* WHAT IS EXPECTED
Return the lines below exactly, from the first line to the line that contains "91家纺网 家纺一手货源 找家纺". Leave out pictures.

Source data
§ §
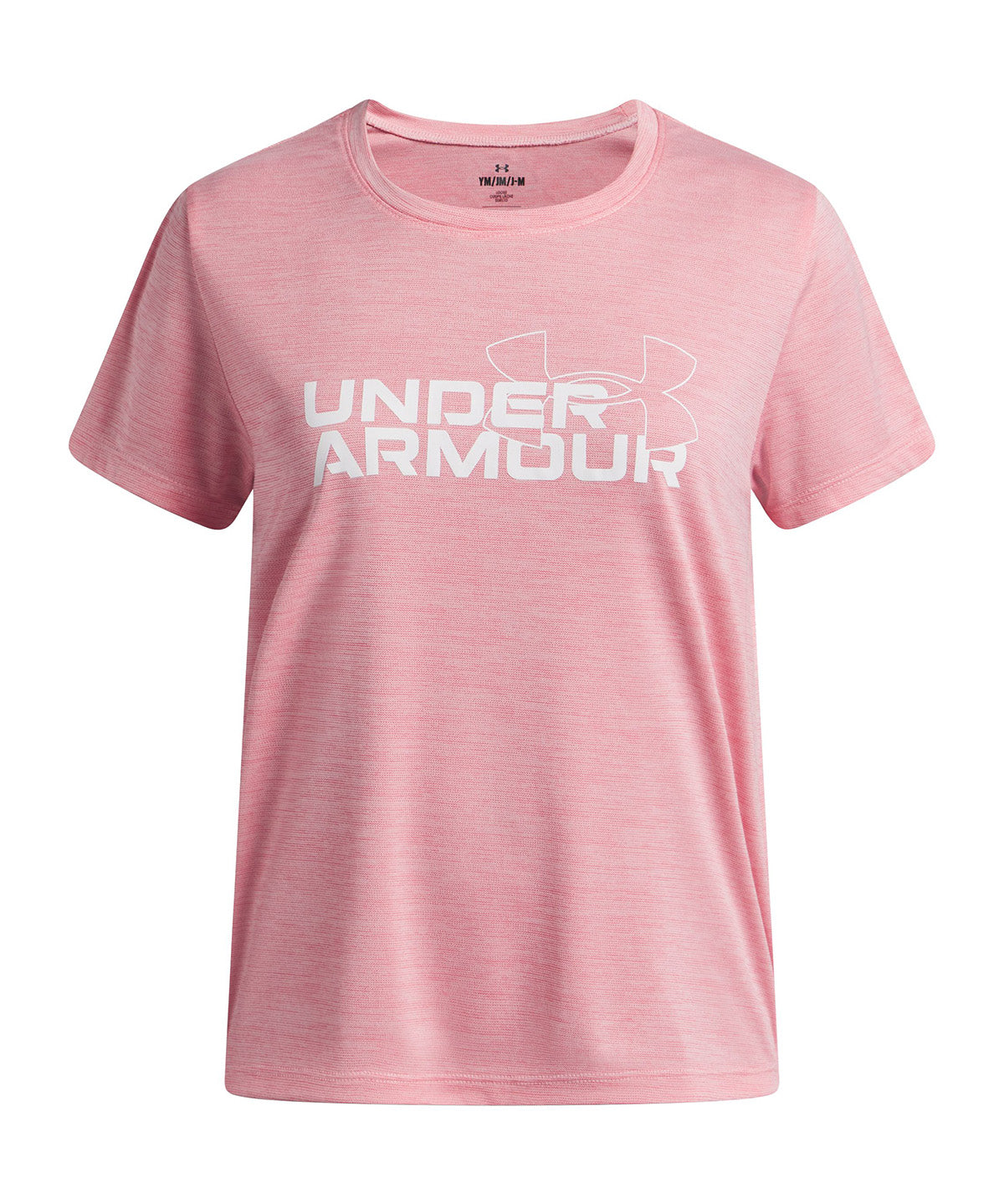 UA Tech Twist Wordmark Logo SS Polera Manga Corta rosado para niña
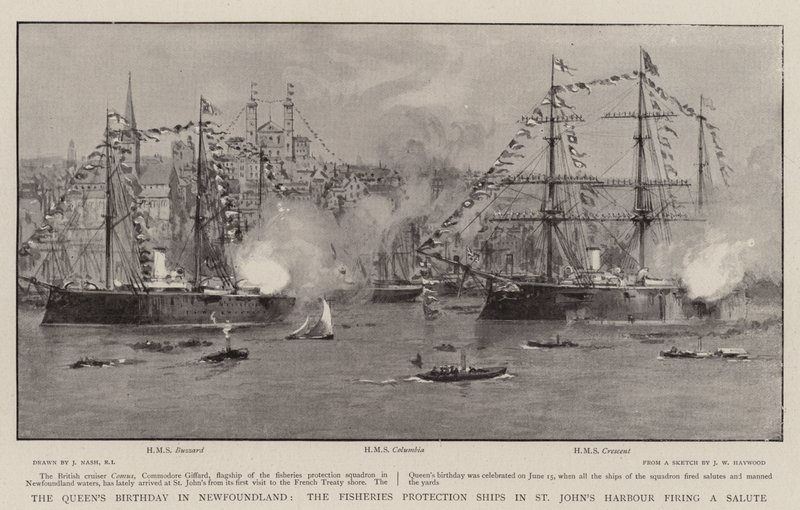 Aniversário da rainha em terra nova, os navios de proteção de pesca no porto de São João disparando uma saudação de Joseph Nash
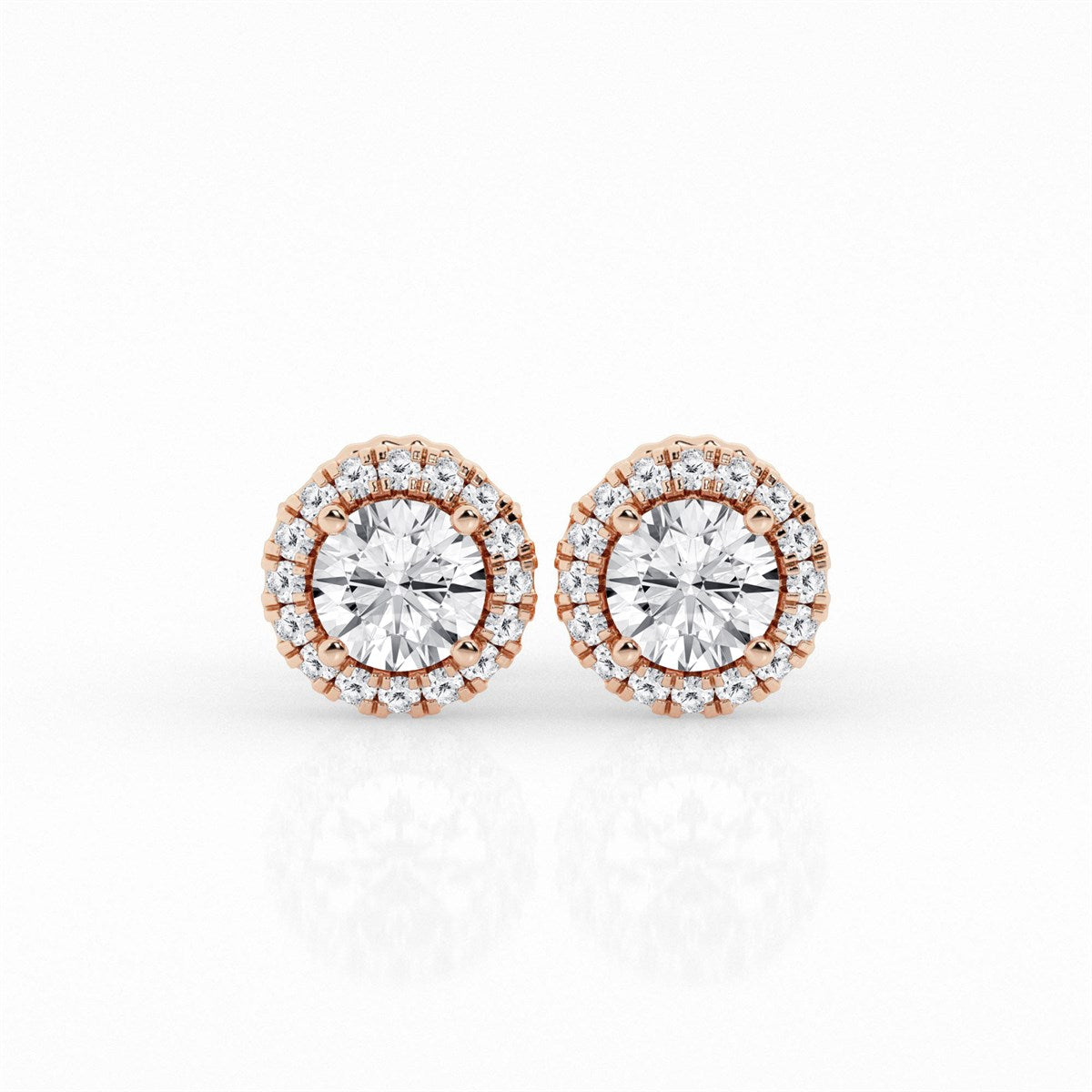 Round Lab Grown Diamond Halo Earrings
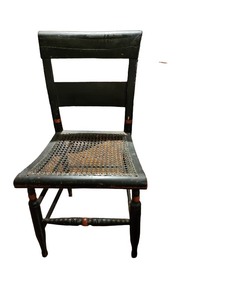 Vintage Black Wicker Seat Chair
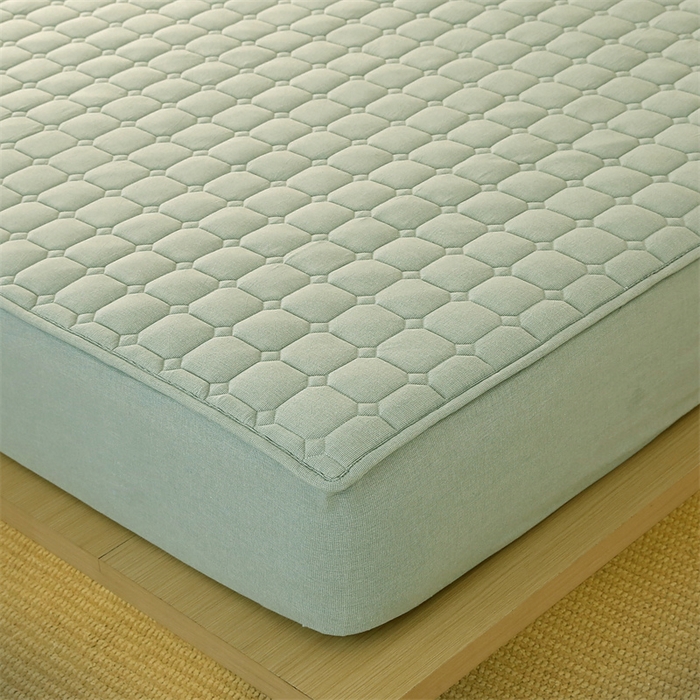 91家纺网 家纺一手货源 找家纺 梵克保罗 2025新款无印风全棉色织水洗棉夹棉床笠 千鸟格绿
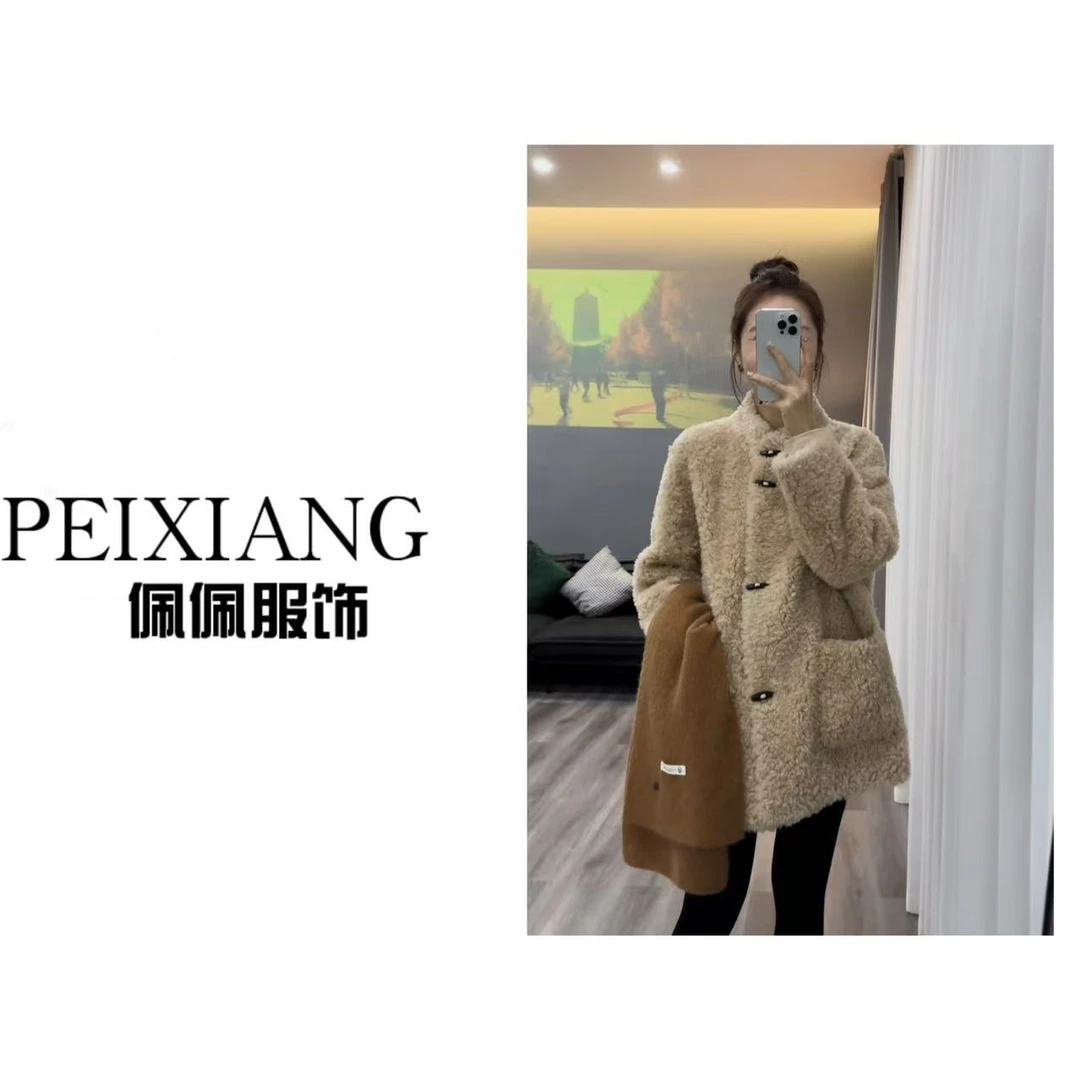 佩佩JA【小木扣毛毛外套】全羊毛外套  S1311 5115177 气质轻奢 仙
§ §
* EXERCISE SOLUTION
 UA Tech Twist Wordmark Logo SS Polera Manga Corta rosado para niña
 Aniversário da rainha em terra nova, os navios de proteção de pesca no porto de São João disparando uma saudação de Joseph Nash
 Round Lab Grown Diamond Halo Earrings
 Vintage Black Wicker Seat Chair
 91家纺网 家纺一手货源 找家纺 梵克保罗 2025新款无印风全棉色织水洗棉夹棉床笠 千鸟格绿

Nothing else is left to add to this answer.